Recommendations as treatments

This is the summary of "Recommendations as Treatments" (paper) by Joachims et al.

Image created by Dall-e: "Humorous illustration of Inverse Propensity Weighting. It features a quirky professor explaining the concept to amused students in a classroom, with a seesaw representing the 'Treated' and 'Untreated' groups."

The main proposal of the paper is to review recommendation systems to be considered as policies that decide what interventions to make in order to optimize a desired outcome. This opens the door for us to apply Causal Inference techniques in the context of recommendations systems, such as Inverse Propensity Weighting.


Offline A/B testing or Off-policy evaluation of recommender systems

The idea is to use historical data to evaluate recommender systems and obtain unbiased estimates without resorting to online A/B tests, which can be slow, expensive and risky in terms of hurting the CX.

If we can evaluate different recommendation policies offline (i.e. which policy would have performed best, if we had used it instead of the policy that logged the data), we will be able to find optimal policies, i.e. innovate faster.


Problem with offline A/B tests

Consider, we have two recommendation policies/models: a) Logging policy (the current production model and b) Target policy (the new policy we would like to test). Since the historical evaluation data is actually produced by the Logging policy, the distribution of the data will follow the Logging policy's output distributions or whatever it has learned to output. Evaluating the Target policy on this data will be biased by whatever the Logging policy favors/outputs.

For example:

Consider a simple movie recommender for a video streaming service. Imagine that, at each visit, the recommender selects a single movie to suggest to the users after they log in. Assume that we have collected data from this recommender using a stochastic policy whose distribution is weighted towards more popular movies, such as blockbuster superhero movies. When we use these data offline to evaluate new policies, we may mistakenly conclude that policies that favor superhero movies are better, since these movies are over-represented. This is the so-called ‘‘rich-get-richer” effect, wherein things that are already very successful become more so due to their ubiquity. At the same time, we may miss opportunities to provide more personalized recommendations due to insufficient data in certain niches. For instance, consider a user whose favorite genre is Scandinavian thrillers. They might also appreciate superhero movies, so recommending them an installment from the Avengers franchise is a safe bet.

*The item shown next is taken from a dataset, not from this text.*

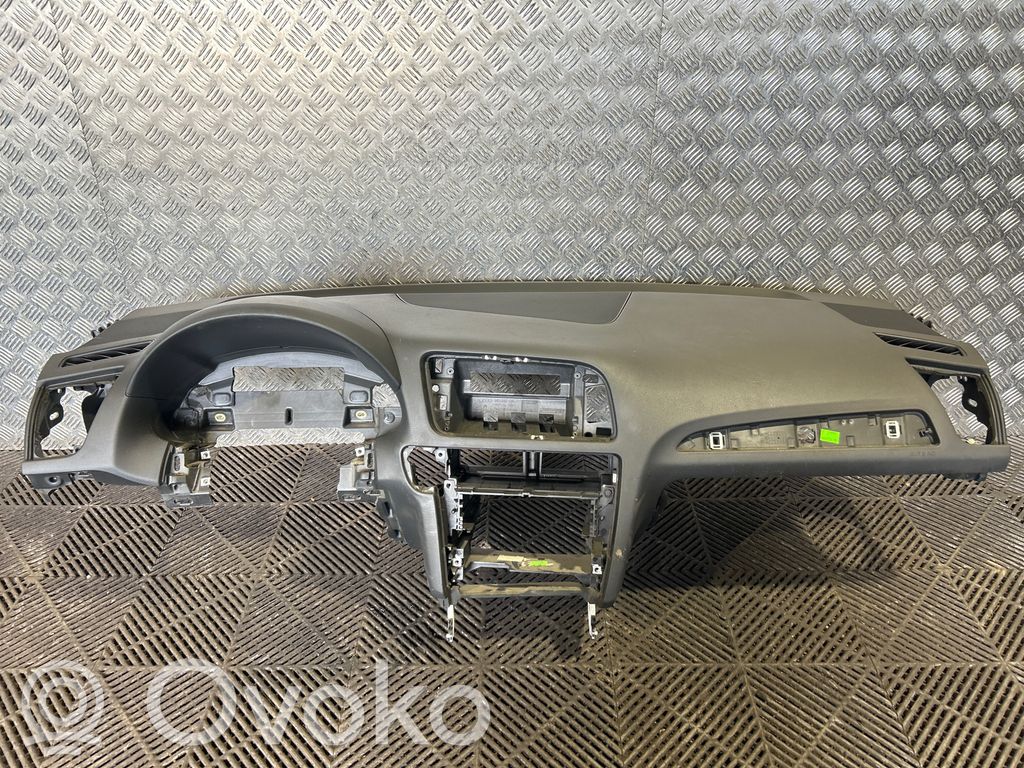Deska rozdzielcza   8R1857735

Yet that would be suboptimal; they would much prefer Midsommar, a horror film set in Sweden.

Another way to put it is to understand that both the actions and the rewards are biased by the production policy.

1. Actions in the logged data are biased because:

  • Production Policy's Influence: The production policy (the system currently in use) determines which actions (e.g., recommendations) are made. If this policy has a preference for certain actions (like recommending popular movies), the data collected will be biased towards these actions.
  • Skewed Data: This means the observed actions in your data are not a random sample but are influenced by the production policy’s preferences. Therefore, some actions are overrepresented while others are underrepresented or not represented at all.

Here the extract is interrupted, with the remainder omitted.